Kurt Vonnegut – buying an envelope
Anyway, I take my pages and I have this thing made out of steel, it’s called a paper clip, and I put my pages together, being careful to number them, too, of course. So I go downstairs, to take off, and I pass my wife, the photo journalist Jill Krementz, who was bloody high tech then, and is even higher tech now. She calls out, “Where are you going?” Her favorite reading when she was a girl was Nancy Drew mysteries, you know, the girl detective. So she can’t help but ask, “Where are you going?” And I say, “I am going out to get an envelope.” And she says, “Well, you’re not a poor man. Why don’t you buy a thousand envelopes? They’ll deliver them, and you can put them in a closet.” And I say, “Hush.”

So I go down the steps, and this is on 48th Street in New York City between Second Avenue and Third, and I go out to this newsstand across the street where they sell magazines and lottery tickets and stationery. And I know their stock very well, and so I get an envelope, a manila envelope. It is as though whoever made that envelope knew what size of paper I’m using. I get in line because there are people buying lottery tickets, candy, and that sort of thing, and I chat with them. I say, “Do you know anybody who ever won anything in the lottery?” And, “What happened to your foot?”

Finally I get up to the head of the line. The people who own this store are Hindus. The woman behind the counter has a jewel between her eyes. Now isn’t that worth the trip? I ask her, “Have there been any big lottery winners lately?” Then I pay for the envelope. I take my manuscript and I put it inside. The envelope has two little metal prongs for going through a hole in the flap. For those of you who have never seen one, there are two ways of closing a manila envelope. I use both of them. First I lick the mucilage—it’s kind of sexy. I put the little thin metal diddle through the hole—I never did know what they call them. Then I glue the flap down.

I go next to the postal convenience center down the block at the corner of 47th Street and Second Avenue. This is very close to the United Nations, so there are all these funny-looking people there from all over the world. I go in there and we are lined up again. I’m secretly in love with the woman behind the counter. She doesn’t know it. My wife knows it. I am not about to do anything about it. She is so nice. All I have ever seen of her is from the waist up because she is always behind the counter. But every day she will do something with herself above her waist to cheer us up. Sometimes her hair will be all frizzy. Sometimes she will have ironed it flat. One day she was wearing black lipstick. This is all so exciting and so generous of her, just to cheer us all up, people from all over the world.

So I wait in line, and I say, “Hey what was that language you were talking? Was it Urdu?” I have nice chats. Sometimes not. There is also, “If you don’t like it here, why don’t you go back to your little tinhorn dictatorship where you came from?” One time I had my pocket picked in there and got to meet a cop and tell him about it.

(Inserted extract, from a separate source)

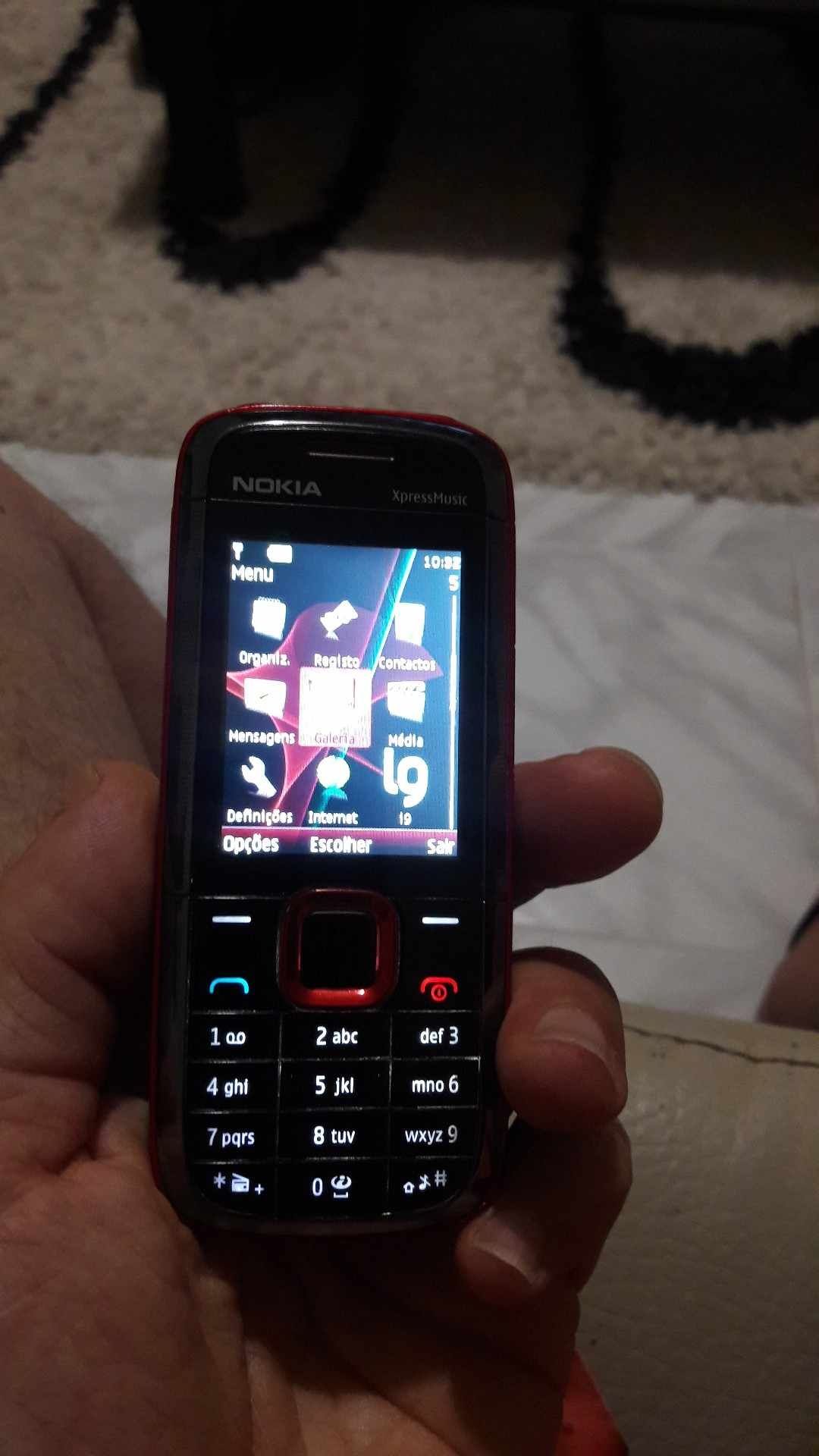 Nokia xpressmusic bom estado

Anyway, finally I get up to the head of the line. I don’t reveal to her that I love her. I keep poker-faced. She might as well be looking at a cantaloupe, there is so little information in my face, but my heart is beating. And I give her the envelope, and she weighs it, because I want to put the right number of stamps on it, and have her okay it. If she says that’s the right number of stamps and cancels it, that’s it. They can’t send it back to me. I get the right stamps and I address the envelope to Carol in Woodstock.

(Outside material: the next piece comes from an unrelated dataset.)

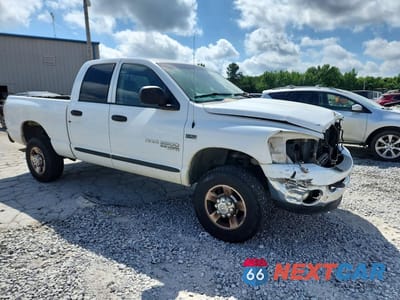 Czwarte zdjęcie samochodu z boku: 2006 DODGE RAM 2500 ST VIN:1D7KS28D66J167252 - miniatura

Then I go outside and there is a mailbox. And I feed the pages to the giant blue bullfrog. And it says, “Ribbit.”

And I go home. And I have had one hell of a good time.

Electronic communities build nothing. You wind up with nothing. We are dancing animals. How beautiful it is to get up and go out and do something. We are here on Earth to fart around. Don’t let anybody tell you any different.

This is super entertaining. I like how the author is described as “black humor, satiric voice, and incomparable imagination”.